= Beginning of Section =
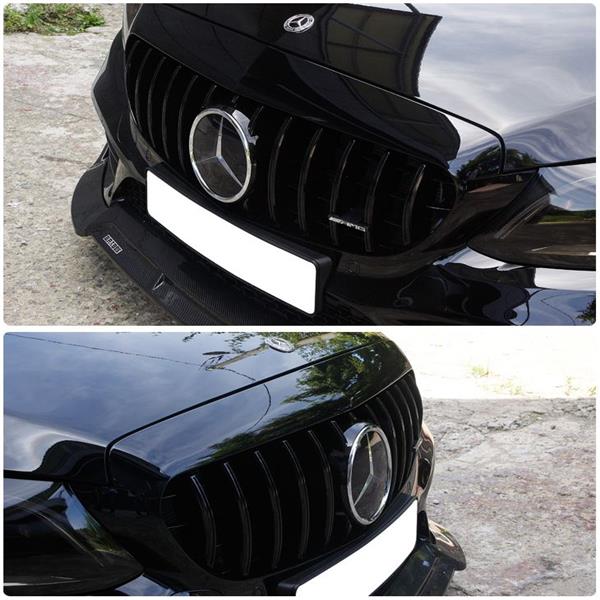 [모터스파이] 벤츠 C클래스 W205 전기형 후기형 파나메리카나 GT 세로그릴 크롬 검정 모음 80,000원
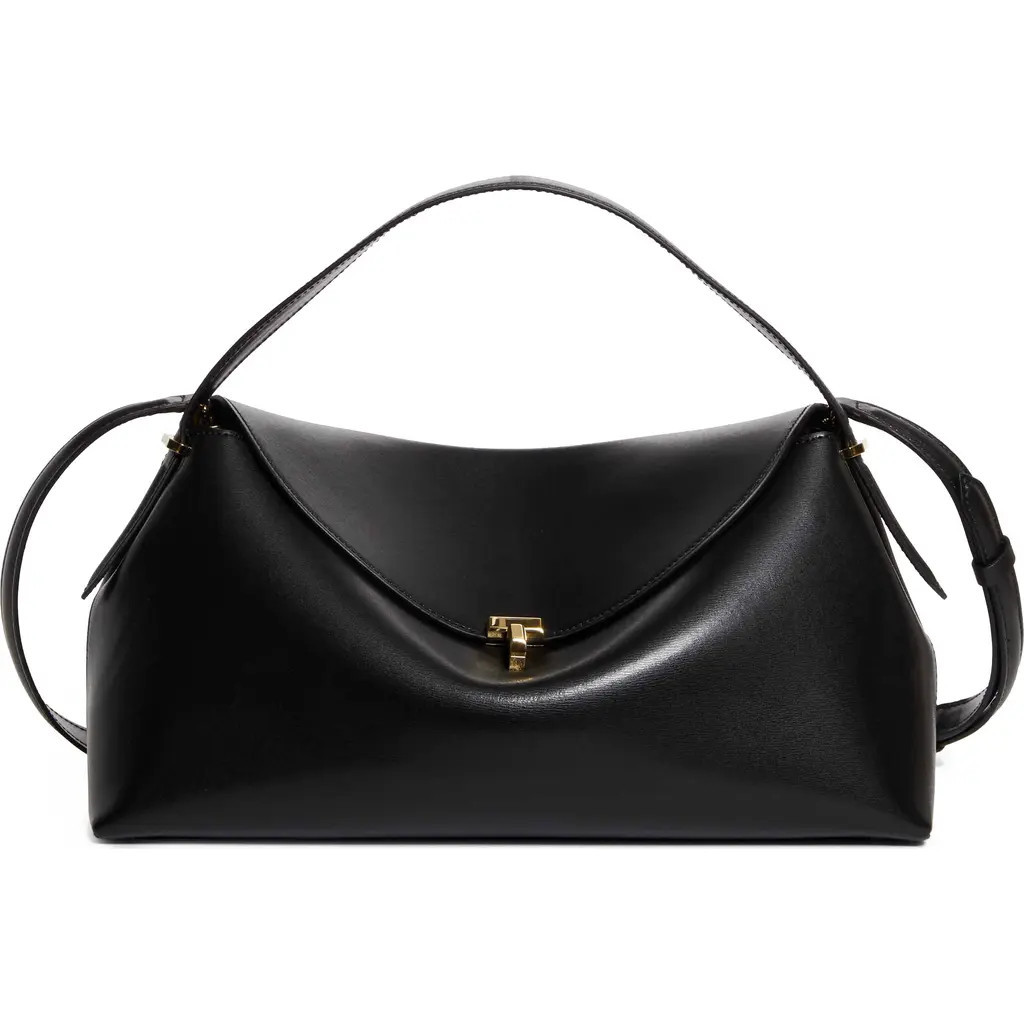 TOTEME T-Lock Curve Shoulder Bag in Black at Nordstrom | Nordstrom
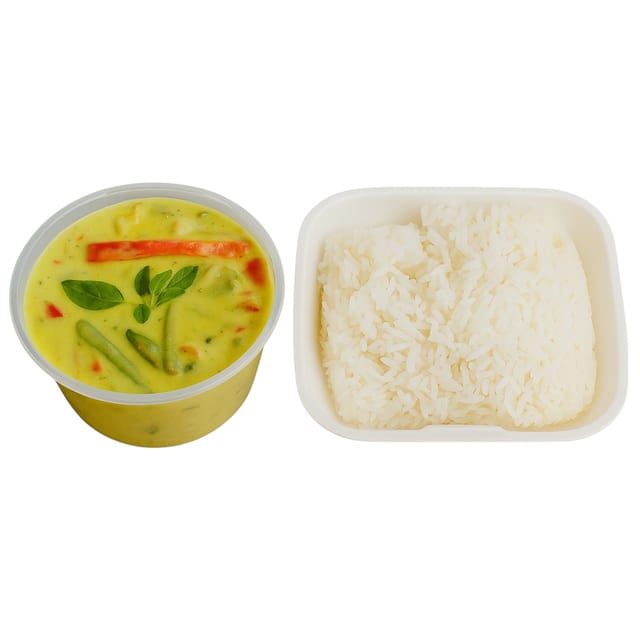 Lunch Green Curry.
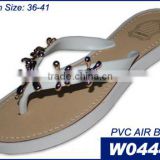 Soft Sole PVC Air Blowing Slipper For Woman
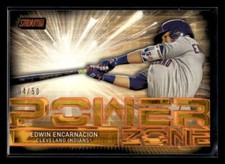 2017 Stadium Club #PZ-EE Edwin Encarnacion 4/50 Power Zone Orange Indians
= End of Section =
_EXERCISE OBJECTIVE_.
Please copy out the whole listing exactly as it stands, minus the pictures.

_RESPONSE BOX_.
 [모터스파이] 벤츠 C클래스 W205 전기형 후기형 파나메리카나 GT 세로그릴 크롬 검정 모음 80,000원
 TOTEME T-Lock Curve Shoulder Bag in Black at Nordstrom | Nordstrom
 Lunch Green Curry.
 Soft Sole PVC Air Blowing Slipper For Woman
 2017 Stadium Club #PZ-EE Edwin Encarnacion 4/50 Power Zone Orange Indians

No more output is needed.